Intel may have announced the end of its ultra-low-power Atoms almost two years ago, but the death of the platform wasn't instantaneous, it took some time. While it was sad to see another mobile SoC competitor drop out of the race, at the same time it seemed inevitable given Intel's x86-based approach.

However, Intel's mobile death-throes continue to be dragged out due to contractual obligations, and a couple new chipsets have been released based on the Intel's x86 designs. In fact, Senwa was showing off a pair of Intel-powered devices at MWC this year. Although we might have missed them when we were there, Anandtech didn't.

 

Both images above, as well as the header, via Anandtech

Both Senwa's LS9718 and the slightly nicer LS9918 were on the display floor, each of which has Spreadtrum's SC9853i SoC, which is an eight-core 1.8 GHz affair (based on Intel's Airmont architecture), humorously paired with an ARM Mali-T820 GPU and a Spreadtrum modem.

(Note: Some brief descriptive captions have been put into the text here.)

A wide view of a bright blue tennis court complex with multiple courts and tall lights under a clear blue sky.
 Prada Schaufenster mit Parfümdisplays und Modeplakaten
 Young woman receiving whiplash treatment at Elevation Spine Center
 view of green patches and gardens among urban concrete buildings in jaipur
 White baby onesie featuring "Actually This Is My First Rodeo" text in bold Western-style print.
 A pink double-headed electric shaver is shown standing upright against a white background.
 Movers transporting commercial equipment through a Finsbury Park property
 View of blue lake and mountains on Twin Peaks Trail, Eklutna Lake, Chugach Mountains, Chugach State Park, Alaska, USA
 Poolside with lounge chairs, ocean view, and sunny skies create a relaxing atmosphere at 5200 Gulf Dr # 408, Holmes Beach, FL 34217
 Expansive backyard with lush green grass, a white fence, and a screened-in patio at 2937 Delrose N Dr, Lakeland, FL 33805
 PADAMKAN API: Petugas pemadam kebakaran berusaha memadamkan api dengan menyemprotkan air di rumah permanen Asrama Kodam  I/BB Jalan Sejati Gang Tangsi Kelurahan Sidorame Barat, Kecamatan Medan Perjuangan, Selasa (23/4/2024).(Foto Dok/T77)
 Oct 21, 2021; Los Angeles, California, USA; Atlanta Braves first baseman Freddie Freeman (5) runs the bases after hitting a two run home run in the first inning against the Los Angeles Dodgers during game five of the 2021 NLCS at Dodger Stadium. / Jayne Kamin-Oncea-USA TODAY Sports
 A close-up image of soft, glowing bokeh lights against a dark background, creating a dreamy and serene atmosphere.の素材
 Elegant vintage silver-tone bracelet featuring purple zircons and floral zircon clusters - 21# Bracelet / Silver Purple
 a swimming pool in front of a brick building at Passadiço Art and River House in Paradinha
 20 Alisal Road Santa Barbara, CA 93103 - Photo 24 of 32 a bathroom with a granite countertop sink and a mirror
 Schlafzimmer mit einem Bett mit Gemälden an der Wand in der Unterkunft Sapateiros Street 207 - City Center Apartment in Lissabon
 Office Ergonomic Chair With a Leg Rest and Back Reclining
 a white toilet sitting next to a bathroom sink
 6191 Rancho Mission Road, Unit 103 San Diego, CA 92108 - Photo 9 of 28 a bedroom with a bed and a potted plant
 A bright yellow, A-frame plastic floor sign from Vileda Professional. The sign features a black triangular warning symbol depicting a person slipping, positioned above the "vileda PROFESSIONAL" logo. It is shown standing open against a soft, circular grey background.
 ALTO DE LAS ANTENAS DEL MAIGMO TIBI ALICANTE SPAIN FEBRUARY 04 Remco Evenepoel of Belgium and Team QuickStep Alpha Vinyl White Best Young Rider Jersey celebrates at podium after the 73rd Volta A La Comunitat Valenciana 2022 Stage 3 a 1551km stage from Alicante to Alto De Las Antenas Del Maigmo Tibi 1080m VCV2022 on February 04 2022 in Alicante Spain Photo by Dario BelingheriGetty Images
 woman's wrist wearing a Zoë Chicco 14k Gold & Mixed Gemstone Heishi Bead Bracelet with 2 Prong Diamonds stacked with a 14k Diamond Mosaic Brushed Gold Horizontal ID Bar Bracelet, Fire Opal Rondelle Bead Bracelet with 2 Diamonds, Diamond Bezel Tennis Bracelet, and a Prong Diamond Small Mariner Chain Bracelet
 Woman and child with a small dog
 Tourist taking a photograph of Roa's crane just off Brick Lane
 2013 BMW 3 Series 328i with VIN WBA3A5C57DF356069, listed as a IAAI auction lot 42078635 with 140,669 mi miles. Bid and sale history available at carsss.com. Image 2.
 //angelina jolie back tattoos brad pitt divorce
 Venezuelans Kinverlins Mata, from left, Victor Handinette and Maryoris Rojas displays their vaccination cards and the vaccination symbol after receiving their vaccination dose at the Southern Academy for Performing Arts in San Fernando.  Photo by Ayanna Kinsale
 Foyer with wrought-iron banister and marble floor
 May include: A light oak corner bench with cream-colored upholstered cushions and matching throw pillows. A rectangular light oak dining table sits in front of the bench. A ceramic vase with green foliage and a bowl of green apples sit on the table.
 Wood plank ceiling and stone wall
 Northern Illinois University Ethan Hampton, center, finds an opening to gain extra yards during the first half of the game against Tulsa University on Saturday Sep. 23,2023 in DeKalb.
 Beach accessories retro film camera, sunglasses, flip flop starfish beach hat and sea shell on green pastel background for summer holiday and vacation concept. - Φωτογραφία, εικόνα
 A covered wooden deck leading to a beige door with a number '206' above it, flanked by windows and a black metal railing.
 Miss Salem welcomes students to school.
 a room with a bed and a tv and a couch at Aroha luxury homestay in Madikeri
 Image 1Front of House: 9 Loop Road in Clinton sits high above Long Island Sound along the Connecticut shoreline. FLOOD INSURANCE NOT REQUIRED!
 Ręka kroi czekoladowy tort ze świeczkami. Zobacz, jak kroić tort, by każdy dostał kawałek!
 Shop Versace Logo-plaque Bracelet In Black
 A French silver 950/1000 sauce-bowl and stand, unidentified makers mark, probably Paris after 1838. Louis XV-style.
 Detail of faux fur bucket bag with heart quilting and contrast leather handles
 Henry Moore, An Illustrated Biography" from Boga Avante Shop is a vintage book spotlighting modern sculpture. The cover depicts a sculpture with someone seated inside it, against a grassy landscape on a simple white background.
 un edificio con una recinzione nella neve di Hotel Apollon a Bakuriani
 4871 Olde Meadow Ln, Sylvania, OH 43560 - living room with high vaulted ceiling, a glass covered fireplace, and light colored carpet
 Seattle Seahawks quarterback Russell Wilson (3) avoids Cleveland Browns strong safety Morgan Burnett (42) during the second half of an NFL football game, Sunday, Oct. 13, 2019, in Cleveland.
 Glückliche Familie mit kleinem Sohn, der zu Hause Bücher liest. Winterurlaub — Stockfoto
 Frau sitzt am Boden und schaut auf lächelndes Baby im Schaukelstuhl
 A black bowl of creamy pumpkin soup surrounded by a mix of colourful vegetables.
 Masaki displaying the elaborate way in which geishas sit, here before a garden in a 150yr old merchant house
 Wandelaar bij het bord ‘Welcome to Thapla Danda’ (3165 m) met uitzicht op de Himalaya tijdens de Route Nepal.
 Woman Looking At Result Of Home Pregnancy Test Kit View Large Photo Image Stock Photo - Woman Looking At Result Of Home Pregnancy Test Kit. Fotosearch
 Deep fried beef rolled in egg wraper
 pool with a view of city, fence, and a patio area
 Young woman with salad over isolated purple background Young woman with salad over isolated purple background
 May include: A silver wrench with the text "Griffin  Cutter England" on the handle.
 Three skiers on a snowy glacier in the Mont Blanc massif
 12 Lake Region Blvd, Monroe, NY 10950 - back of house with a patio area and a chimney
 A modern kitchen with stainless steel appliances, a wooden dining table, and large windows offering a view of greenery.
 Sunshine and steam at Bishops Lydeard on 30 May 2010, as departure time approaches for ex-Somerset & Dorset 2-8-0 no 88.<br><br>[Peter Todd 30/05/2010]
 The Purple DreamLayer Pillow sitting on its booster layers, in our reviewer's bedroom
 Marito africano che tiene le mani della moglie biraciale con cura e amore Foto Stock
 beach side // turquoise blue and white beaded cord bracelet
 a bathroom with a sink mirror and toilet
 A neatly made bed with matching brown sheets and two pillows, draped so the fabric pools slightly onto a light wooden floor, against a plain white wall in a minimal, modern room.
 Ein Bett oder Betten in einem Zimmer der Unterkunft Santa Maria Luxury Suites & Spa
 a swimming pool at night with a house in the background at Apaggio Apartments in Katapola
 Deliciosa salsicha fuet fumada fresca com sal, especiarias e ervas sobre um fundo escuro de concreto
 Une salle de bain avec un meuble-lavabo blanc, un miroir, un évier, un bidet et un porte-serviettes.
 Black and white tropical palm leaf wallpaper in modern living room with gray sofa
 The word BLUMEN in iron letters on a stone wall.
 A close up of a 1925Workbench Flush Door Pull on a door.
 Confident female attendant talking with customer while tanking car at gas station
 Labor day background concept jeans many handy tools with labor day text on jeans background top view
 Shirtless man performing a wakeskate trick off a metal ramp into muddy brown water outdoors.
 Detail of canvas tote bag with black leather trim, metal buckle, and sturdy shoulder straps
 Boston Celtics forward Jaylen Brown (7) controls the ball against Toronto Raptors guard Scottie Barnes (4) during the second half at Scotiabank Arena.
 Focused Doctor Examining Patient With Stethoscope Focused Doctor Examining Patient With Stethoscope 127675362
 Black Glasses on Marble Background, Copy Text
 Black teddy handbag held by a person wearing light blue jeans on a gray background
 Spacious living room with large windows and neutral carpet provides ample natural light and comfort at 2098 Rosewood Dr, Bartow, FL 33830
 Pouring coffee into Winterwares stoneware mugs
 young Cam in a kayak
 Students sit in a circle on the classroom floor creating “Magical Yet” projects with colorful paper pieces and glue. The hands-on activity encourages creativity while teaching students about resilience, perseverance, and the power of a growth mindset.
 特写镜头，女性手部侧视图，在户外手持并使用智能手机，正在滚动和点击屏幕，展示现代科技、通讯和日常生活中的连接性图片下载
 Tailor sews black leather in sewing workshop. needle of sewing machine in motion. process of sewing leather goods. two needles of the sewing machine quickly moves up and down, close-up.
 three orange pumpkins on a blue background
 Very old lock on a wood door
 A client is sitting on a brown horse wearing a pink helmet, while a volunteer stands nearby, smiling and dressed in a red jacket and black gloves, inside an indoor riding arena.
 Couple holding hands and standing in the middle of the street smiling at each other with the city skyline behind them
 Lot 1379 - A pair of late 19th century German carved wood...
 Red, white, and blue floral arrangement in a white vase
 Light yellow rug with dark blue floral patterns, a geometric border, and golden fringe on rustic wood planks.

I'd have loved to check out Senwa's phones at MWC had I noticed them or their Intel connection. But, unfortunately, they didn't catch our eye. Thankfully Anandtech's Ian Cutress did notice the distinctive Intel branding on the company's booth, and he even managed to snap some photos and run a benchmark. (The latter should leave you pretty happy that you aren't using an Intel-powered phone right now.)

Anyone interested in the slow death of Intel's mobile plans should probably give Anandtech's coverage a read. After all, these two Senwa phones might be the last we see of Intel's x86 hardware in the mobile space. Although Intel is reportedly extending its SoC arrangement with Spreadtrum, the latter company will be switching to ARM cores in the future.